Once again, the company reported earnings that were well above the average published estimates. Keep in mind, though, that acquisition accounting makes that comparison almost completely opaque. Still, earnings were up more than 14%, and the annualized ROE of over 15% was a nice result.

Continuing a trend across the banking sector, lending activity was feeble. Loans were down about 5% on an annual basis, though ticked up 1% sequentially. Now, the company claimed that loan activity was weak for lack of demand. Without meaning to assail management's integrity, I would suggest that is part of the reason. I think what management really means (but will not say openly) is that there is a lack of demand among the pool of potential borrowers that constitute acceptable credit risk. Time and time again, I keep seeing surveys suggesting that small business owners cannot get the loans they need to start or expand business ... so, I think the demand is there, but I think banks like Ozarks is being careful about who they underwrite.

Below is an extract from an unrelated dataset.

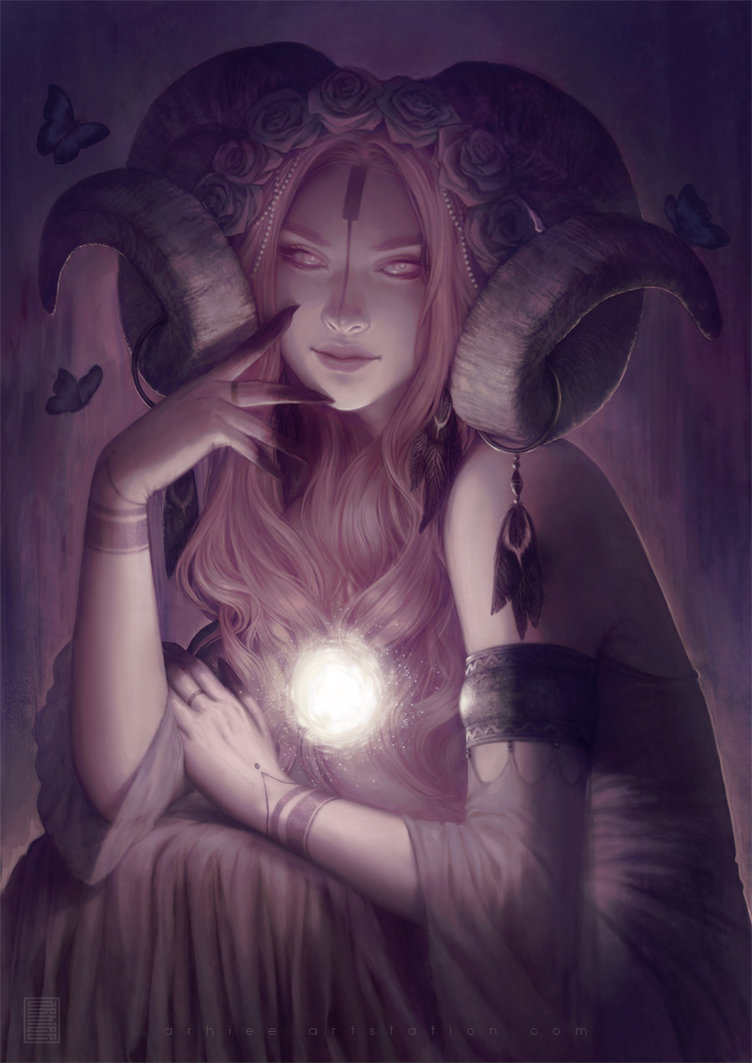 char-portraits:.:Deceiving Eyes:. by arhiee 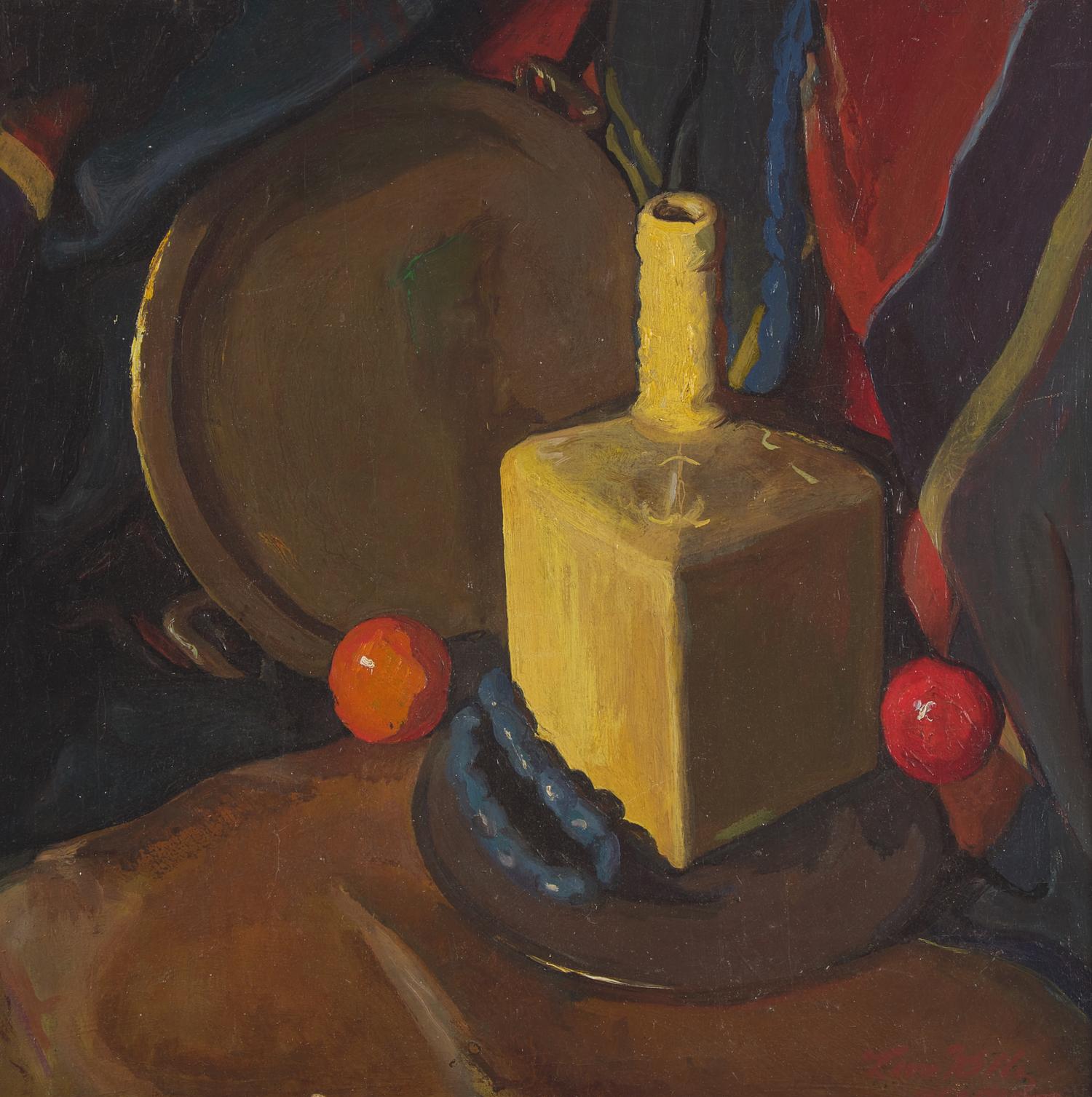 Still Life with Yellow Jug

Balancing the lending activity, deposits were up 1% annually and down 4% sequentially. Moreover, the character of those deposits have continued to change in the company's favor - the company now has considerably less CDs outstanding and very little in the way of brokered deposits.  That has helped keep the cost of funds quite attractive, and the company's net interest margin was a very healthy 5.1% (up from 4.8% last year).

Credit quality also improved - NPLs were down, there were fewer loans past due, and the company set aside less in anticipation of future bad loans. Given that Ozarks never over-indulged in crappy lending to the extent of many other banks, their balance sheet never got so terrible. Still, improvement is improvement...

Ozarks is a good example of what I like to see these days ... though I wish they were increasing their lending more. There is nothing wrong with getting dirt-cheap money from depositors and re-investing that in securities and profiting from the spread, but that game will eventually come to an end when rates begin to rise.

Right now, I am not interested in the stock. I think the stock is worth about $35, but maybe up to $39.50 with some aggressive assumptions. Either way, that is not enough to entice me at today's prices.